How to Sex the Striped Headstander
It is somewhat challenging to differentiate between male and female Striped Headstanders, especially when they are young. However, mature females usually grow slightly larger than males and tend to be fuller-bodied.
How to Breed the Striped Headstander
In nature, Headstanders are spawning fish that drop their eggs after pairing at the surface. Distinct pairs of the Striped Headstander will breed in thickly grown, weedy places, and the males usually stay near the nesting site.
Breeding of this fish has been accomplished in captivity. The Striped Headstander is produced commercially in South America and Asia; however, no specific data is currently available. Spawning them in the home aquarium is scarce, and no method has yet been established effectively. Some reports seem to indicate that the diet of the fish plays a critical role in initiating a spawn.

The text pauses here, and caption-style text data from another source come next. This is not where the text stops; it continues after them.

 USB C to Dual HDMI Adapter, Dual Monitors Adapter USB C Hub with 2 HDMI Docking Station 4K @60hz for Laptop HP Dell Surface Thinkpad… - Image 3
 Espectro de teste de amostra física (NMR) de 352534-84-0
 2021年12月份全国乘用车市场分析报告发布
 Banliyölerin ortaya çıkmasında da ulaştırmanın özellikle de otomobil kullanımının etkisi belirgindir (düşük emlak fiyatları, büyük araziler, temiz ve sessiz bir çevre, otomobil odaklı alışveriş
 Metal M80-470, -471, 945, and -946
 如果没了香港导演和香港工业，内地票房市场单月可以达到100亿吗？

For a chance at successfully breeding them, you should separate the males from the females then condition them with plenty of live foods. You will need to provide a large spawning tank with a sandy substrate, a few stones with algae, roots and some peat filtration to add a touch of acidity.
It would be best to introduce the males and females into the prepared tank and gradually increase the temperature by a few degrees. Finally, cover the top with a towel, creating a darkened environment to help trigger the spawn.
Pairing should occur instantly just below the water's surface, with three to five eggs being dropped. You should then remove the parents from the tank once the eggs have been dropped, as they will usually consume them if given a chance. Next, you will need to feed the newly hatched fry baby brine shrimp, algae and Cyclops.